そして入れ替わるように女が1人入ってくる。
それはどこかで見覚えのある顔をした女、その女は石崎に礼をすると、
「私は石堂世美と申します。あんな武骨な男は嫌いです。でも妹の事はもっと嫌いです。双子の姉妹でありながらあの生意気な女は妹の癖に私より母に多く愛されようとしたのです。だから私は父に多く愛されるようにしました。それが原因でいつしか両親はお互いを憎み合い始めてしまいました。それは全部あの女が悪いのです。あなたがあの女を殺してくれると誓うなら忠誠を尽しましょう、あの忌々しき男は私にそう告げたのです。だからここに来たのです。わたしは成人した男性は憎みます。しかしあの女はもっと憎みます。でも美しい王様、あなたの事は嫌いじゃないです。あなたが男だなんて信じられません、だからあなたが憎む男はみんな私の敵なのです」
そう言って自分を見つめる女の目、それはもう魔女の瞳と化している。
「ああわかった。お前の妹を殺せばいいんだろ、それは約束してやるよ、あの虹の許にいる奴はどっちにしろいずれは殺すべき標的だからな、それにしてもお前はあの看護師にそっくりだな、俺が虹と戦った時に見ていたあの女と瓜2つだ。その双子の姉妹というのは本当なんだな、そして仲が悪い、それも納得できるぜ、別に兄妹や姉妹だから仲良くしないといけないなんて法律はないからな、俺も自分の妹が嫌いだ。それはこいつも俺が嫌いなんだから当然だ。そして俺は親父も嫌いなんだ。だからそいつを殺す。その手助けをしてくれるのなら椅子に座って飯を食おう、そしてその女の子の面倒をみてやってくれ」
そう告げられた石堂世美は恭しく礼をすると会席の座に座る。
「さて、これで恐怖の軍団の幹部が揃ったと言うわけだな。どいつもこいつも一癖も二癖もある連中だ。あの朴の野郎め中々気が利いているぜ、だから気に入ったぞ、でも希久恵、この集まりの名称が恐怖の軍団では何か味気ないと思わないか?もっと気の利いた名前は思いつかないか?」
その今までを黙って見ていた眼帯の少女はそんな兄の言葉に、
「ごめんなさい、あの多舞ちゃんから聞いたんだけど虹の組織の名前はミラクルストーンズだそうよ、そのまんまの名前でネーミングした人の感性を疑っちゃうわね…それに対抗してダークストーンズでは味気なさすぎるし…恐怖の軍団ならホラーがつくけどなんかB級映画みたいでかっこ悪いし…」
しばらく思案する希久恵、そして思いつく、
「ごめんなさい、そうね、『エキスグラメーション』というのはどうかしら?」
「エキスグラメーション?なんだ。それは?」
「ごめんなさい、知らないの?びっくりするって言うことよ、びっくりマークの語源よ、この集団にはふさわしいと思わない?みんながびっくりするような能力者の集団、びっくりしてから恐怖する。その恐怖の前置き、マークも簡単で誰でも知っている。それをシンボルにすればいいわ、そしてそのマークは階級を表すのにも使える。どう?便利でしょう」
その言葉に腕を組んで考える石崎、その妹の言うことは理解できるしなぜかカッコいい感じがする。その言葉を何度も心の中で復唱しながら笑みを作る。

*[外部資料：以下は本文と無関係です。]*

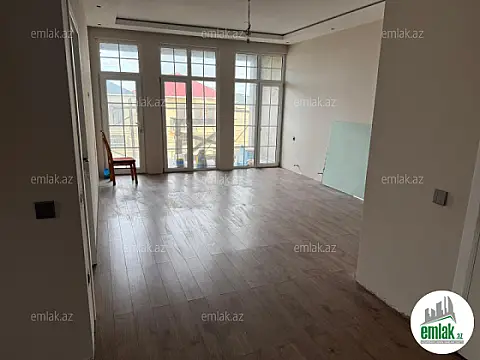 Satılır 6 otaqlı həyət evi 250 m²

「長ったらしいがなぜか気にいった。そうだな、お前の言うようにびっくりする事から恐怖は始まる。『エキスグラメーション』か気に入ったぜ、それを俺の組織の名前にしよう」
こうして恐怖の軍団の名称が決定した。
あの魔神に、父親に挑む息子の組織の名前が円卓を囲むメンバー達の同意もないまま決定した。
そんな名称なんてどうでもいい、しかしあいつに見せてやりたい、そして見てみたい、あの魔神が驚く顔が見てみたい、そしてグラスに注がれたコーラを手にすると石崎は皆を見廻しこう告げる。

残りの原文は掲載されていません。